Work to be completed: Would you restate, word for word, only the lines starting at the one with "Papercraft Inspirations Preview Pages" and ending with the final line of the entries below? Pictures stay out.

The records:
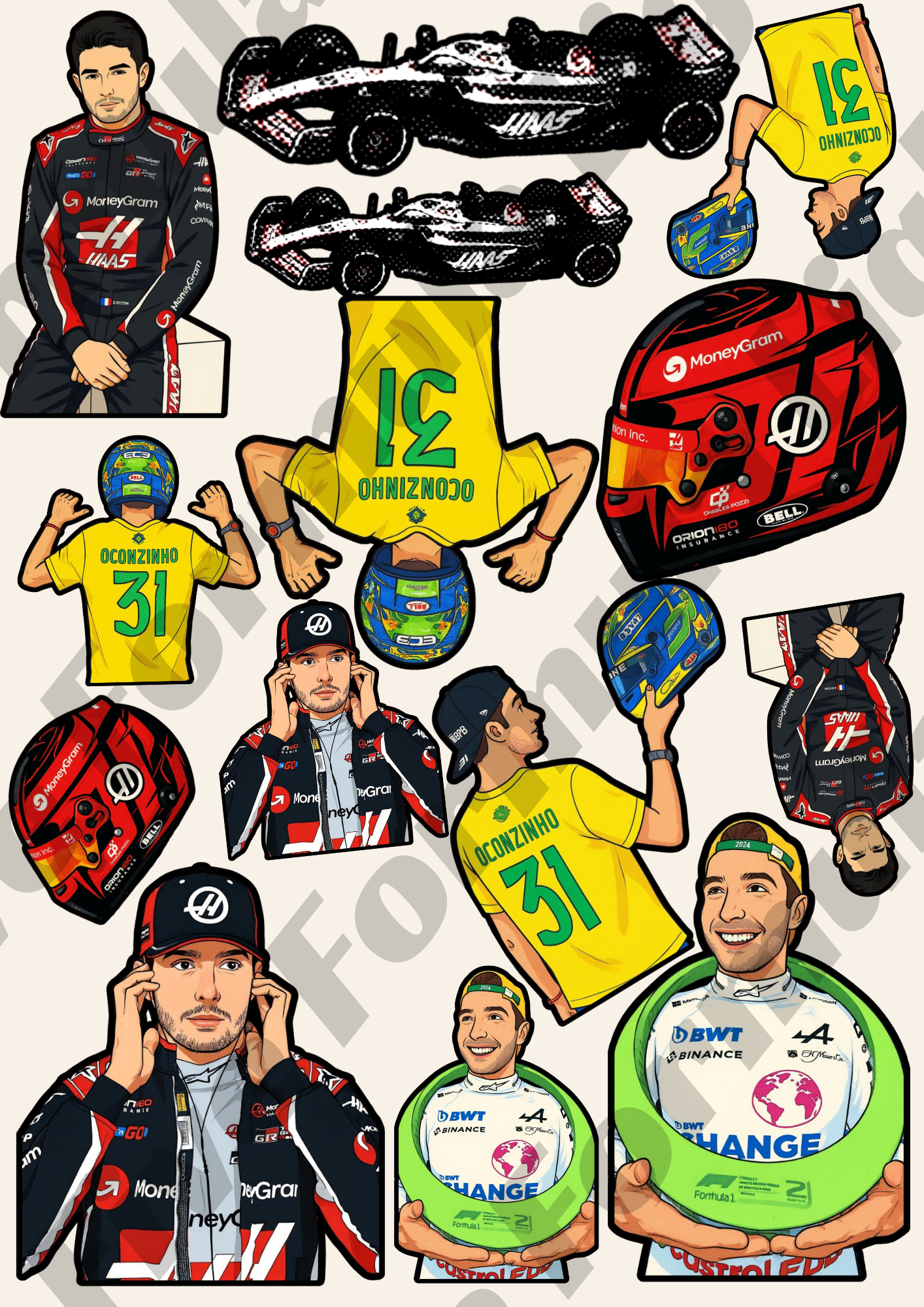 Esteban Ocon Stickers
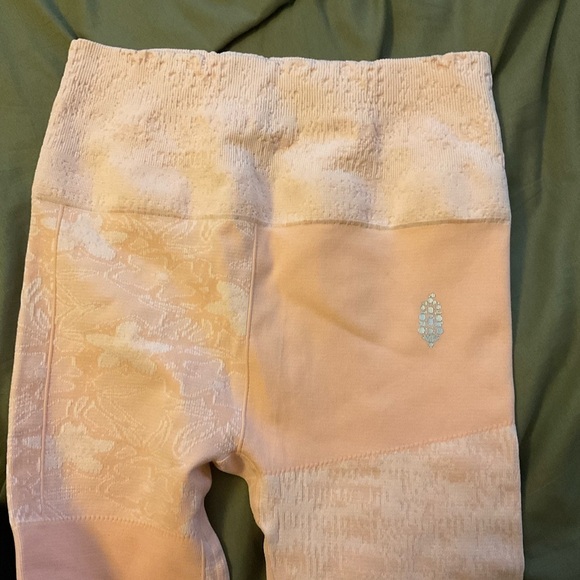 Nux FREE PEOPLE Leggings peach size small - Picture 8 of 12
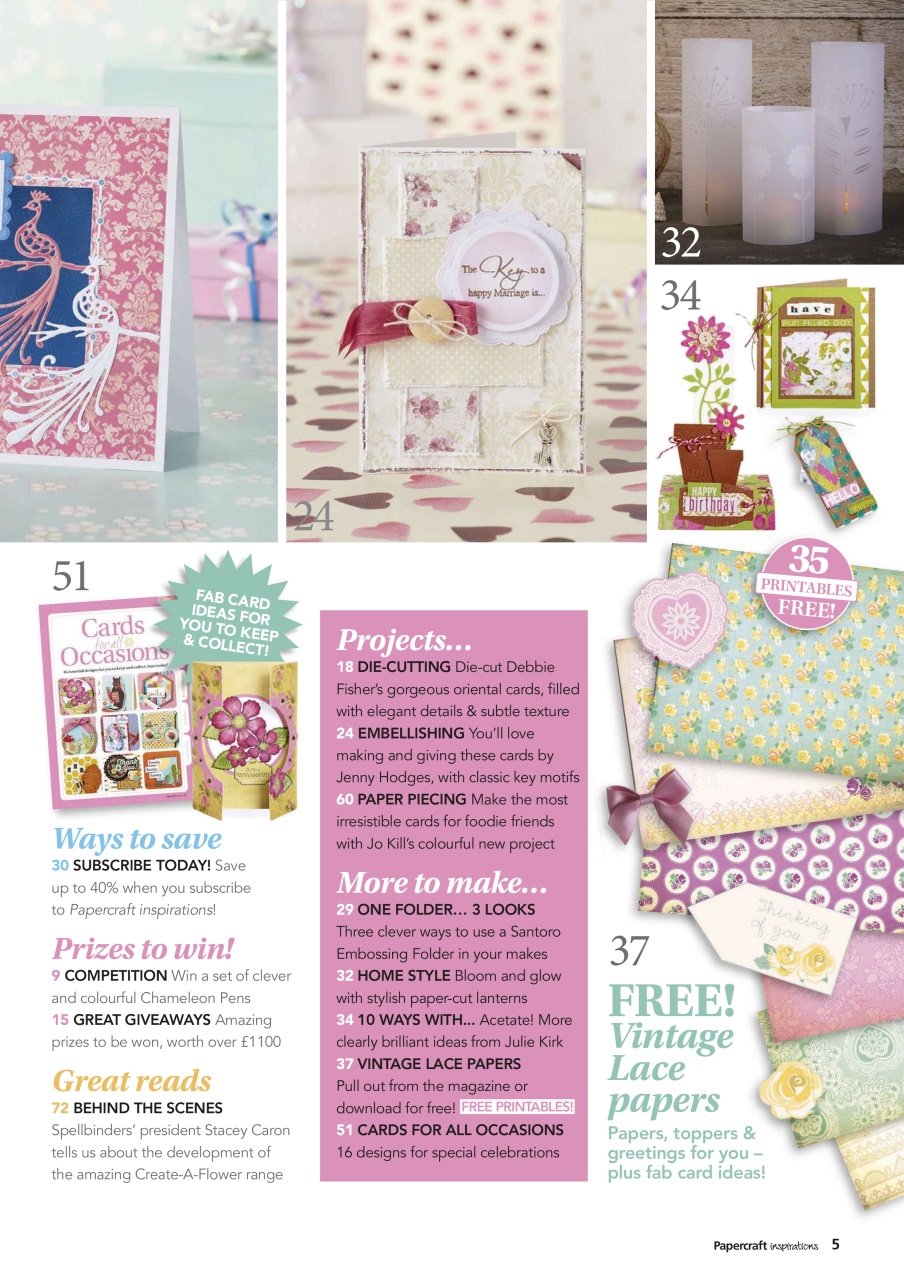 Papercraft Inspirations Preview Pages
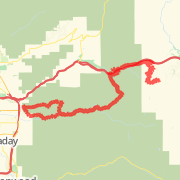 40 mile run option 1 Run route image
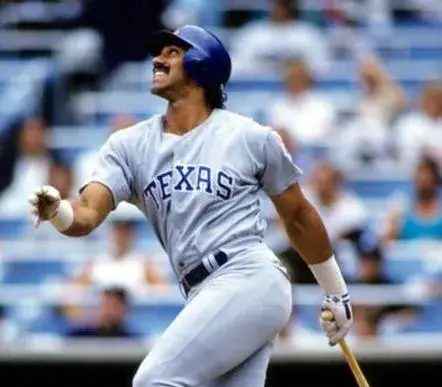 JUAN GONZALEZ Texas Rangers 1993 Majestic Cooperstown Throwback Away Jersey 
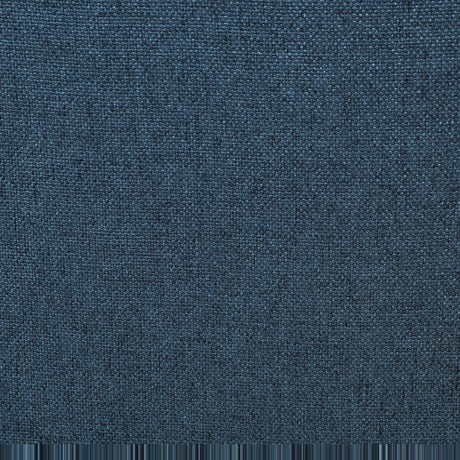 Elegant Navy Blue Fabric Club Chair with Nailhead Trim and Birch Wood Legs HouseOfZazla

Response area:
 Papercraft Inspirations Preview Pages
 40 mile run option 1 Run route image
 JUAN GONZALEZ Texas Rangers 1993 Majestic Cooperstown Throwback Away Jersey 
 Elegant Navy Blue Fabric Club Chair with Nailhead Trim and Birch Wood Legs HouseOfZazla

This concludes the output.